I can’t imagine there’s a bigger advocate of the R platform for analytics and data programming than me. I love R’s core statistical graphics and add-on lattice and ggplot statistical packages as well, using them all the time in my work. But I’m less enthused about R’s interactive visualization capabilities. My take is that commercially-available software trumps its open source competition at this point. Frustratingly, though, exploratory data analysis nirvana for me is a robust visualization platform that interoperates with R.
Over the past few months I’ve been evaluating visualization software from Tableau, Spotfire, Qlikview, Advizor Solutions and Visokio. There’s plenty to like about each of the vendors’ products. In fact, I wouldn’t discourage potential customers from any of those choices.
The new demo release of Omniscope from UK vendor Visokio especially caught my eye. An email I received from the product manager mentioned new R integration and provided links to several recorded demos explaining how it works. Though excited, I made a mental concession that I’d be happy if the capability simply allowed me to access native R data in Omniscope – essentially, an ODBC or JDBC for R. At the same time, after having evaluated what appears to be similar interoperability between Spotfire and R a year and a half ago, I was interested in how the Omniscope/R connectivity compared. I’m glad I invested the time to find out.
Omniscope is somewhat distinctive among its peers. The software has two major product components: DataExplorer, which provides data discovery & analysis, reporting and dashboarding, and DataManager, which offers tools to build and manage data sets. DataManager is essentially a poor man’s ETL tool, providing a drag and drop visual workflow to drive data extraction, merge, transformation and delivery on a small scale. When I first started looking at Omniscope, I pooh-poohed DataManager, thinking I’d never need it. After all, what can’t I do with Pentaho Data Integration and Ruby? I later started to appreciate DM quite a bit.
Once Omniscope determines the installed R directory structure, programmers can write R code in DataManager for either data access (Source) or data manipulation (Operations). I first took on the simpler Source, learning how to use the editor to develop a script that loads a 5.4M record R data frame into memory, ultimately returning a random sample of 100,000 records and predictions from a cubic splines regression model to DataExplorer for exploration.
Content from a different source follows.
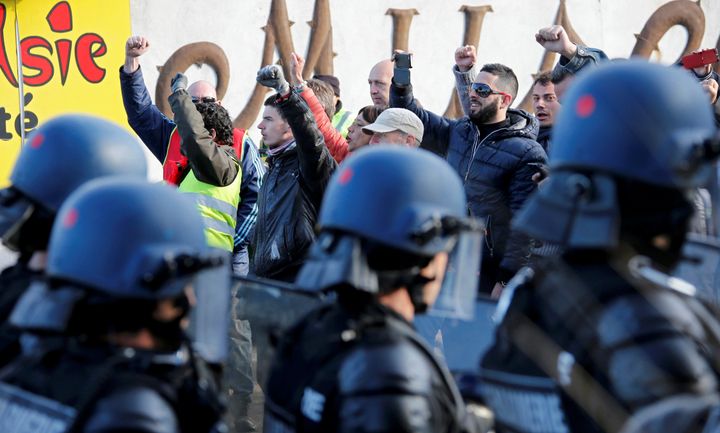 French gendarmes observe striking workers near the oil refinery at Fos-sur-Mer, France, on May 24, 2016.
Flush with that success, I then coded the beginnings of several generic tools that drive from R meta-data and dynamic statement building. I was getting quite comfortable using R as a DataManager Source.
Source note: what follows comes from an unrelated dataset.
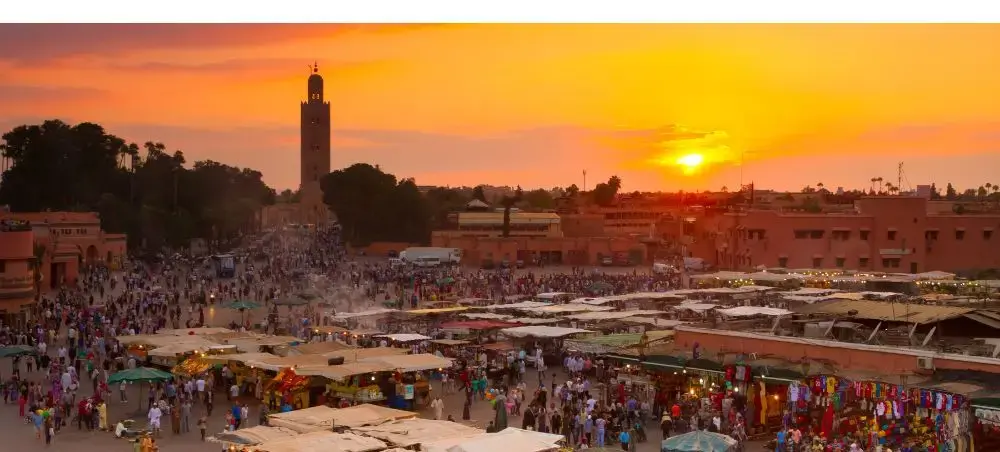 Bustling Marrakech marketplace at golden sunset with Koutoubia Mosque minaret towering over vibrant souks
Operations extends the programming power of R to other data in a DataManager stream. As an illustration, I load a comma-delimited file and then link the contents to an R script that pivots the text data using functions from the R reshape package. After a few more R programming statements, the “munged” data is returned to DataExplorer for discovery. I’ve tried similarly reshaping/filtering/enhancing input data from several other NBER files, all with positive results. While I’m sure I could do the pivoting tasks using other DataManager Operations functions, I was able to accomplish everything I needed to do with the R language I know.
My next test was to link several R Operations tasks in succession: the first to read an already-input stacked time series data file and create new variables; the second to reshape and restrict the resulting stream; and the third to invoke the Holt Winters forecasting function to “predict” the next 30 days of measurements for each of the selected series. This, too, worked well. The forecasts behaved as expected and I was able to examine the results visually in DataExplorer. Cool stuff.
Though there are a few gotchas like missing data surprises, based on my tests to date, count me as an enthusiastic supporter of the interoperability of R and Omniscope. The combination indeed makes for a powerful data science exploration platform. And for Agile BI at its finest.
Kudos to Visokio for a job well done. Me? I’m ecstatic. I can now have my interactive visualization cake and eat my R for statistical analysis, too!